ドイツの国防企業ラインメタルは、同国で開催されたEnforce Tac 2026展示会で、RCWS320C-UASという名前の新型無人航空機(UAV)防衛兵器システムを発表しました。
これは、UAV攻撃、特に現代戦場でますます普及している集団攻撃から軍用車両と基地を保護するように設計された遠隔操作兵器です。
RCWS320C-UASは、センサーデータ、自動射撃制御、およびハード(直接火力)およびソフト(妨害、無効化)の両方の目標破壊オプションを組み合わせています。
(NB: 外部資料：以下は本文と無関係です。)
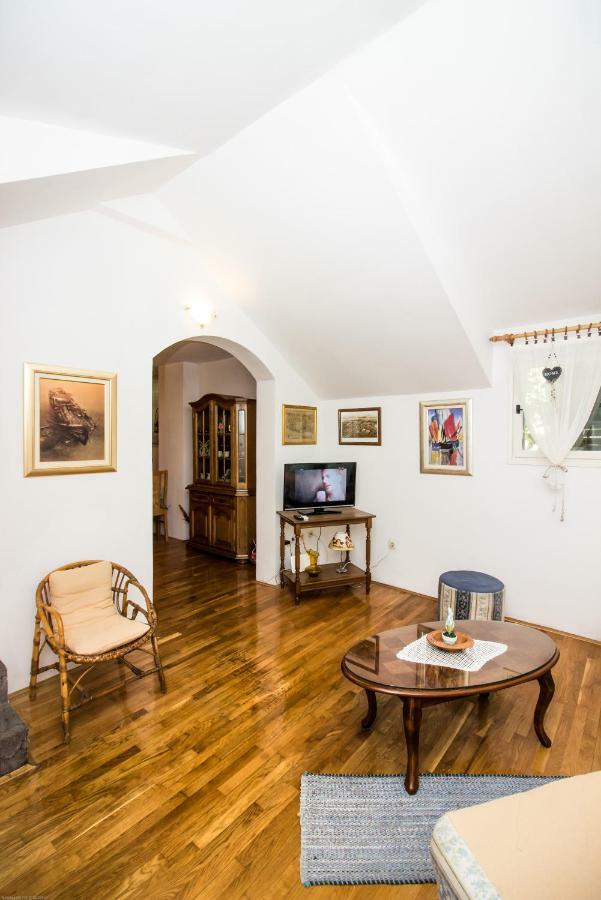 Apartments Kuca Mala Split Luaran gambar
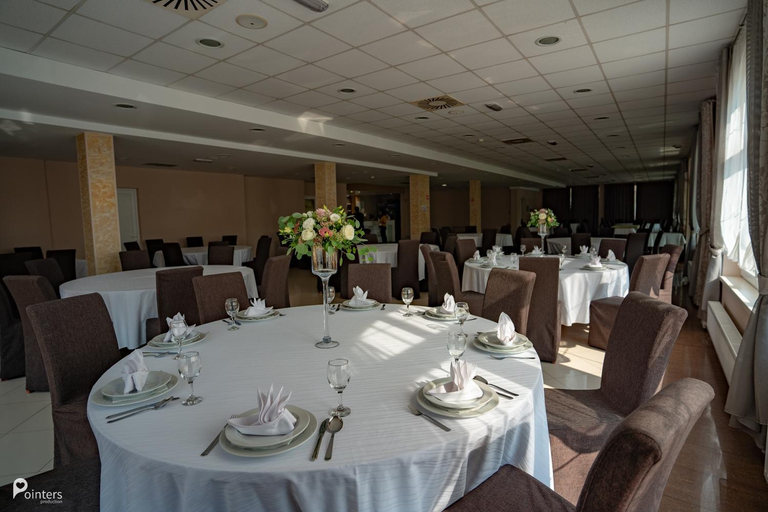 Others 3, Hotel Amarilis, Netretić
そのおかげで、オペレーターはさまざまな種類の空中脅威に柔軟に対応できます。
このシステムは、SEOSS-320観測センサーと統合でき、照準時の精度を高め、最初の発射から目標を破壊する確率を高めるのに役立ちます。
同時に、この技術は、運用チームが戦闘環境における包括的な状況認識を維持するのに役立ちます。
システムの主な武器は、電気で動く軽機関銃Dillon Aero M134Dで、発射速度は最大3,000発/分です。
この強力な火力は、機動型UAVまたは最大約600メートルの距離でグループで飛行するUAVを迎撃するように特別に設計されています。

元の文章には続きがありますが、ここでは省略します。